From a personal perspective, I also feel very settled in India. I met my wife soon after I arrived here. Her family are locals and they owned a food shop just 300 metres from where I was living at the time. They sold everything from milk and water to jam, and she would sometimes help out at the shop.
One day I was buying milk, and she didn’t have any change in the shop to give to me. She said that I could pay the next time I dropped by the shop. Instead, I immediately rushed to the taxi stand nearby and got the missing change. After few minutes, when she saw me again, she said, “Are you crazy? For such a small amount, you have come back already?”
And I said, “You see, maybe tomorrow, something might happen to me and you would say that he didn’t come back. But actually, I don’t want the change, please keep your one rupee.”
That is how it started! We now have two daughters, a 26-year-old, and a 23-year-old. I plan on being here forever: I have a wife, a family, and responsibilities.

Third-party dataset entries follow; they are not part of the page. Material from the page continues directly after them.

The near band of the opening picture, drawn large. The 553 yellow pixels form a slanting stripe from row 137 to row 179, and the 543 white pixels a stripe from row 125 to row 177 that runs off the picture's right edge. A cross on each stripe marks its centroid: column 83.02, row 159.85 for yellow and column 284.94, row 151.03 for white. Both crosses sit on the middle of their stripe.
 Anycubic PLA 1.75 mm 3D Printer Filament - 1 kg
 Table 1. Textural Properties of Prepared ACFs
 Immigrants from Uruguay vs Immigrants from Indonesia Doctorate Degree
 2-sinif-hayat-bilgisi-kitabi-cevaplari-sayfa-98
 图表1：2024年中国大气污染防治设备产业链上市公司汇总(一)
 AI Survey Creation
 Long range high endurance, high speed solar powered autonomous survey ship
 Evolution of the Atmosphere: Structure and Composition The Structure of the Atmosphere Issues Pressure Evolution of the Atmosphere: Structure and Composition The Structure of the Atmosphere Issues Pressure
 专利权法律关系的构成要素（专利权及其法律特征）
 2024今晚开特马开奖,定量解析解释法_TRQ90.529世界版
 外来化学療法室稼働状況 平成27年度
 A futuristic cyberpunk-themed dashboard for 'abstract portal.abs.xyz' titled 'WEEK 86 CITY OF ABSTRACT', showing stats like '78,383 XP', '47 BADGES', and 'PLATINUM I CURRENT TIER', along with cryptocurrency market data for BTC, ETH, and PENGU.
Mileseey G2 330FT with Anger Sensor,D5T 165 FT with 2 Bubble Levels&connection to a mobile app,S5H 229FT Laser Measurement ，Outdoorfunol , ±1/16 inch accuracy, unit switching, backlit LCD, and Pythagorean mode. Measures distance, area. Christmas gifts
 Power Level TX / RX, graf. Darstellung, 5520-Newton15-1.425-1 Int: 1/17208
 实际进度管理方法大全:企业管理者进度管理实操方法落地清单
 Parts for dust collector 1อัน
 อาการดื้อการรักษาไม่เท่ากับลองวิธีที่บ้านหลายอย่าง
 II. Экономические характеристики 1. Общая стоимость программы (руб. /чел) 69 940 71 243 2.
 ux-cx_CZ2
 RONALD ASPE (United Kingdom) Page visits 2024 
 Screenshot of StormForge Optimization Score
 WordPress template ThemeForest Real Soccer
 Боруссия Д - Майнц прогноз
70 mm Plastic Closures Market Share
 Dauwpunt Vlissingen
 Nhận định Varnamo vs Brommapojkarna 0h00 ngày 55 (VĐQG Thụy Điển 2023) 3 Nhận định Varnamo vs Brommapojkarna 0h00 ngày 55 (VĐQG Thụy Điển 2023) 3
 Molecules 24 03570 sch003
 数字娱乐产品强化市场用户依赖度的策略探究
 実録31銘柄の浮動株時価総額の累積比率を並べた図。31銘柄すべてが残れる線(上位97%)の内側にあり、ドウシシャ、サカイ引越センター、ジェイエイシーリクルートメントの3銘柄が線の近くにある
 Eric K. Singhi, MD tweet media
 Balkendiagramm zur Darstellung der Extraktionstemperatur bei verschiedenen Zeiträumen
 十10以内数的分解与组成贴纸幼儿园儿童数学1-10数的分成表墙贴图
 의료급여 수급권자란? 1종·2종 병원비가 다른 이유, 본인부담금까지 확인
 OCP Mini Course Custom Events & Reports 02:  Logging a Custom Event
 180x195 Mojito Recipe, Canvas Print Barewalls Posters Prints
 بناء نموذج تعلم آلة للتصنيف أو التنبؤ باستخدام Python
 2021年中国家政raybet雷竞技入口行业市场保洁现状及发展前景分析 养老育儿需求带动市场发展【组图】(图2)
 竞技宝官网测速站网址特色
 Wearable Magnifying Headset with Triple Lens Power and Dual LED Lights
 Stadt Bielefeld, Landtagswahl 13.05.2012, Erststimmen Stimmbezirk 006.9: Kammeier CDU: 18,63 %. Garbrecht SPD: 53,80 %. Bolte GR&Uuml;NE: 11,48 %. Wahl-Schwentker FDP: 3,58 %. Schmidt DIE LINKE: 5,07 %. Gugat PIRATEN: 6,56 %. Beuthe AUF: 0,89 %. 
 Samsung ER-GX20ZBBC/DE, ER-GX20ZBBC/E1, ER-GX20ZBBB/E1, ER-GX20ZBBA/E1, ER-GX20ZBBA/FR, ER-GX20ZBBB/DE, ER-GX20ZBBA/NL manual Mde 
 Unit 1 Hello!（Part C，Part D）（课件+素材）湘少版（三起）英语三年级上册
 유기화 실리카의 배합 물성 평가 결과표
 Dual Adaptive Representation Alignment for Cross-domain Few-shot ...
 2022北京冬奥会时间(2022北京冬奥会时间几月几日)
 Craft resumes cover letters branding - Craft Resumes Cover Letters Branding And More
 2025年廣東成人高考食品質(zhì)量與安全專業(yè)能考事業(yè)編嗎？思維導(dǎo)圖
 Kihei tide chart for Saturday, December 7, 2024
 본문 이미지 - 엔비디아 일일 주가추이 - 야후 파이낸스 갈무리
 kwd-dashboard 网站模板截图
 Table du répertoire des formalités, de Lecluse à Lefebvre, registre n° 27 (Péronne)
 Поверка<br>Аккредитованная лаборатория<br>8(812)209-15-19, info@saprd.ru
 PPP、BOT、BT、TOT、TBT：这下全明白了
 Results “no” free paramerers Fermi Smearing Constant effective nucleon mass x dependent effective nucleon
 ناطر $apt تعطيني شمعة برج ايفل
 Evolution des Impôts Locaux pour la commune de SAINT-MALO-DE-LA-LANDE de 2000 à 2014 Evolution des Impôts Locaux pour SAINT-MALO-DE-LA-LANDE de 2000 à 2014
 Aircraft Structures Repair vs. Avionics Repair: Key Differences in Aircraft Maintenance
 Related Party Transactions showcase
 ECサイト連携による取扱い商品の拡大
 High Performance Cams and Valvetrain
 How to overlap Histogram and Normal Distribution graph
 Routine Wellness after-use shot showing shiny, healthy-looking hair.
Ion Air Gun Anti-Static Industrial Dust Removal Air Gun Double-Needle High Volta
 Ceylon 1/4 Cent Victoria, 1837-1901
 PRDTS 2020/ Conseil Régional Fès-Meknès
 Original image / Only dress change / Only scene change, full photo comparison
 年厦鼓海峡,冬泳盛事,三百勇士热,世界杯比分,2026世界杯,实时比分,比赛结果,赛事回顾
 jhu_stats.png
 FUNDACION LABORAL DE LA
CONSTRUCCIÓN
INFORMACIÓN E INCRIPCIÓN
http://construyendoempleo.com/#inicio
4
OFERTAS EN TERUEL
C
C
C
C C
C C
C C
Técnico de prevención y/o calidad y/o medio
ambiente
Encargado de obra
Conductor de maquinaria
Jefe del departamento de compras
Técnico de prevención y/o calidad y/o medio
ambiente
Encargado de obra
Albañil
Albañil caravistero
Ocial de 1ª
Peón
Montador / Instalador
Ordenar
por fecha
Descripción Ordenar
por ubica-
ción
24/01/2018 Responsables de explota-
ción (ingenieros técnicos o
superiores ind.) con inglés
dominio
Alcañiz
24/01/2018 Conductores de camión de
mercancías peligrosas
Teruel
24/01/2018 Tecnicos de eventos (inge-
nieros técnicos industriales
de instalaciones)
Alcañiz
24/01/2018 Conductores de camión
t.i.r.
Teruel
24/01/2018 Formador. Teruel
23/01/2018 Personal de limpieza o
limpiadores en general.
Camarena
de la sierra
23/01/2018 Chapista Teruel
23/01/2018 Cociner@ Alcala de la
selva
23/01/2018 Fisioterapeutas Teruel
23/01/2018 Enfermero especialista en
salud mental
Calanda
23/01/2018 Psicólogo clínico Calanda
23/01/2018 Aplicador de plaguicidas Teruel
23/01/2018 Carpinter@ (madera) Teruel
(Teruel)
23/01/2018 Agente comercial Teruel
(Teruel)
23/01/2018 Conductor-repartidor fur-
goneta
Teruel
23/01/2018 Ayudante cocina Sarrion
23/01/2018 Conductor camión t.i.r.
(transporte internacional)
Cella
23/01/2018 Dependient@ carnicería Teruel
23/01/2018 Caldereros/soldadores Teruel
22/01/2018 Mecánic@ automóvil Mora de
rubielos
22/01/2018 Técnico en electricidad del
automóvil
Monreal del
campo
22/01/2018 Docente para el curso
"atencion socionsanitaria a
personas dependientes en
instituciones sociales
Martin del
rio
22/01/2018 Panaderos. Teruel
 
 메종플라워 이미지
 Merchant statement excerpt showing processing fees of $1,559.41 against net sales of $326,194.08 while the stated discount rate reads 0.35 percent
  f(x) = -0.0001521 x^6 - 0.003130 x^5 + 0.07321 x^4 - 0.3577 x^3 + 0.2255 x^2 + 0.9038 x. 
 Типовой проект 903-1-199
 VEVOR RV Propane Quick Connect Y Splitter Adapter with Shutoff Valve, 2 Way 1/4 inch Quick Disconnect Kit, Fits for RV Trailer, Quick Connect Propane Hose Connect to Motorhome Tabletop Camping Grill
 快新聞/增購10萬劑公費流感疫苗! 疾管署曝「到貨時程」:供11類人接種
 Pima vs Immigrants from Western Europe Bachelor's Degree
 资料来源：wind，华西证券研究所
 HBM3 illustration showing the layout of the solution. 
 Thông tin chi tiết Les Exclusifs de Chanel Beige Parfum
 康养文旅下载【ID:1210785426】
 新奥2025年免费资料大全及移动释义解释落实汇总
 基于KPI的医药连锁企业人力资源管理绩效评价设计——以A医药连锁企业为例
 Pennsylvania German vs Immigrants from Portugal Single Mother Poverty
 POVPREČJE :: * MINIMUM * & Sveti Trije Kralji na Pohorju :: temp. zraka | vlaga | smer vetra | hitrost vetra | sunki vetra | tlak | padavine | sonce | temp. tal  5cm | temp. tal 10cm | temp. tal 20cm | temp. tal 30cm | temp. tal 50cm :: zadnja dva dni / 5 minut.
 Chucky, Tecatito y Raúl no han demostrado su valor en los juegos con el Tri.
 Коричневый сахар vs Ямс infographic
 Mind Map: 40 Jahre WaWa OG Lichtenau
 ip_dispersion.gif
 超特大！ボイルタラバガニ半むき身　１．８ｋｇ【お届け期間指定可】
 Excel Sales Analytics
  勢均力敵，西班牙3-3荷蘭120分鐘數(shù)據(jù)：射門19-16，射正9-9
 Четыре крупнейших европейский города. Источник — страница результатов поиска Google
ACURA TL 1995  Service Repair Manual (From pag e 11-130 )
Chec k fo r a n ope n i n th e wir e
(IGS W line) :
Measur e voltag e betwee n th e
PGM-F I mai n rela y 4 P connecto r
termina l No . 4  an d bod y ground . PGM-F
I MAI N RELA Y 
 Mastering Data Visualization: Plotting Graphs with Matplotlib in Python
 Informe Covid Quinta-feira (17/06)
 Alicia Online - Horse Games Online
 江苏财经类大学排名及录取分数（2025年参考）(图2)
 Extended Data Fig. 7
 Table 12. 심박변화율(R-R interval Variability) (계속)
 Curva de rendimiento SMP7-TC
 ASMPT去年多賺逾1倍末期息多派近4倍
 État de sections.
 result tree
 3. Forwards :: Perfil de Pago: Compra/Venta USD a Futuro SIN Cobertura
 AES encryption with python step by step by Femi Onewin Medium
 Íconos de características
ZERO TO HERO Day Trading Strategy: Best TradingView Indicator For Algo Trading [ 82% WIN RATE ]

I understand that in some countries, people think that refugees and asylum-seekers will come to give trouble and that they are not useful for society. To these people, I want to say that refugees will not harm your society – on the contrary, we can work and we can help. I am optimistic that if people could see how refugees can be a benefit to their communities, they would accept them.
“I am optimistic that if people could see how refugees can be a benefit to their communities, they would accept them.”